Task prompt: The output must start at the line containing "Cartier CT0660S 57 19-143 b03" in the records below and stop at the last line, matching each line exactly and leaving out every picture.
Data for this exercise below:
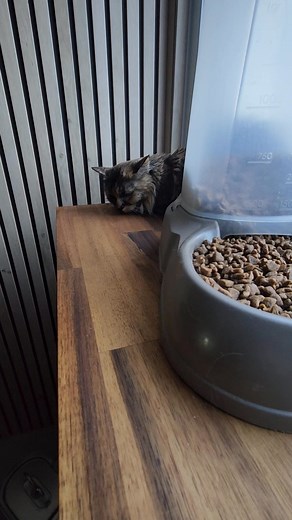 Miss Capucine a découvert la litière... | Hôtel-Club Le Rêve des Chats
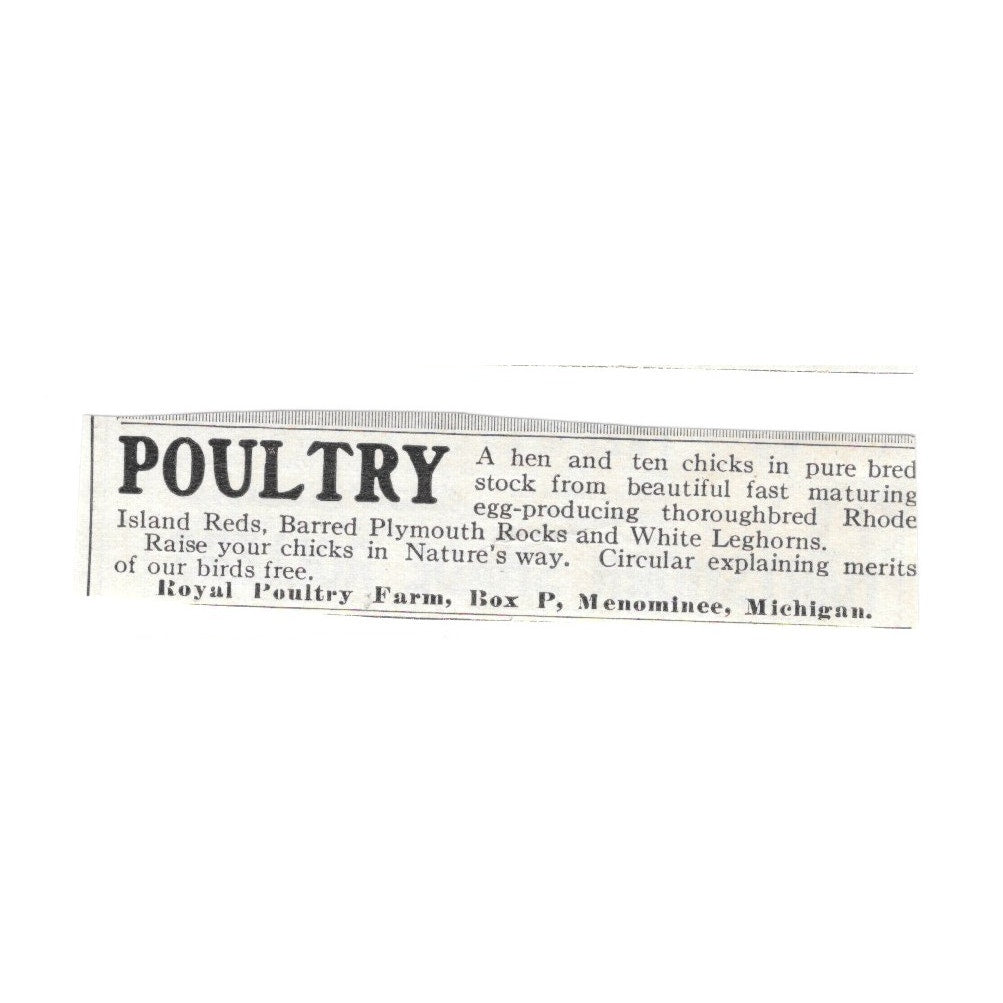 Royal Poultry Farm Menominee MI c1920 Ad Harper's Magazine AG4-S6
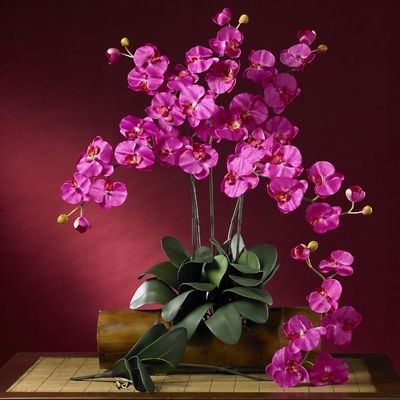 Lehetséges, hogy az orchidea ház jelek és babonák, Virágbolt Consulting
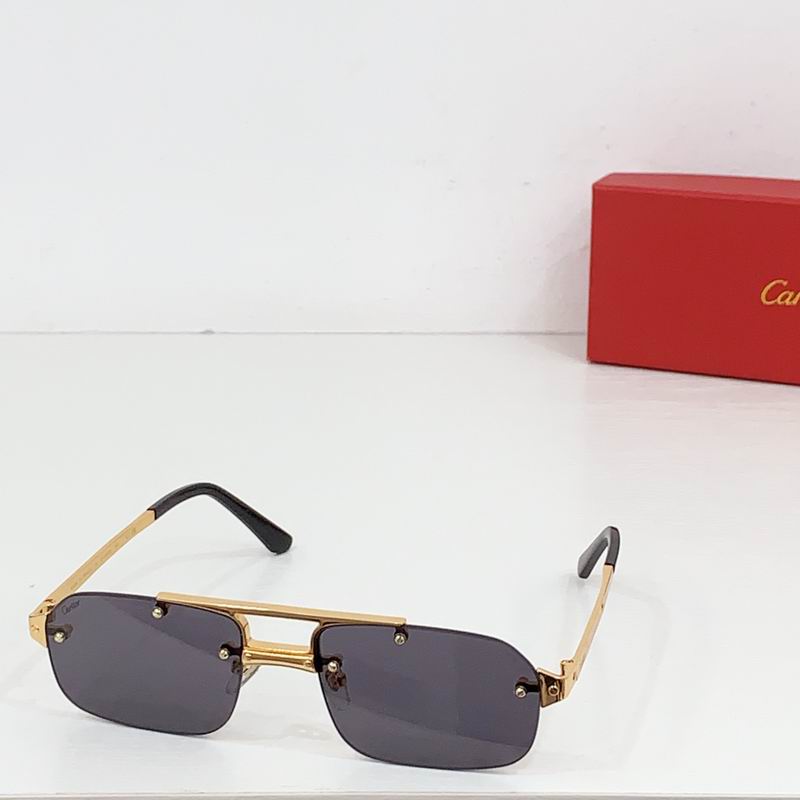 Cartier CT0660S 57 19-143 b03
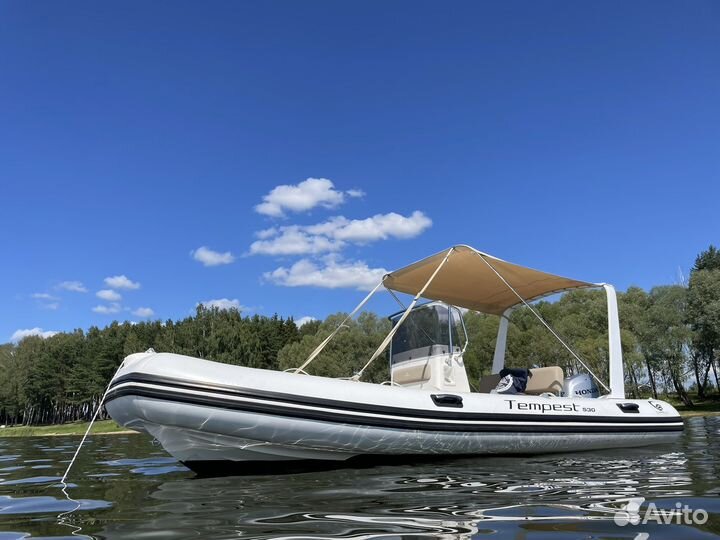 Риб Cantieri Capelli tempest 530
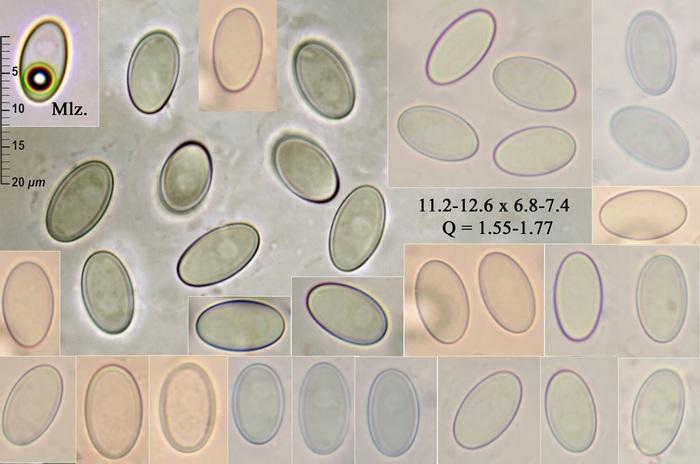 macrostoma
End of Data for this exercise.
Solution to the problem:
 Cartier CT0660S 57 19-143 b03
 Риб Cantieri Capelli tempest 530
 macrostoma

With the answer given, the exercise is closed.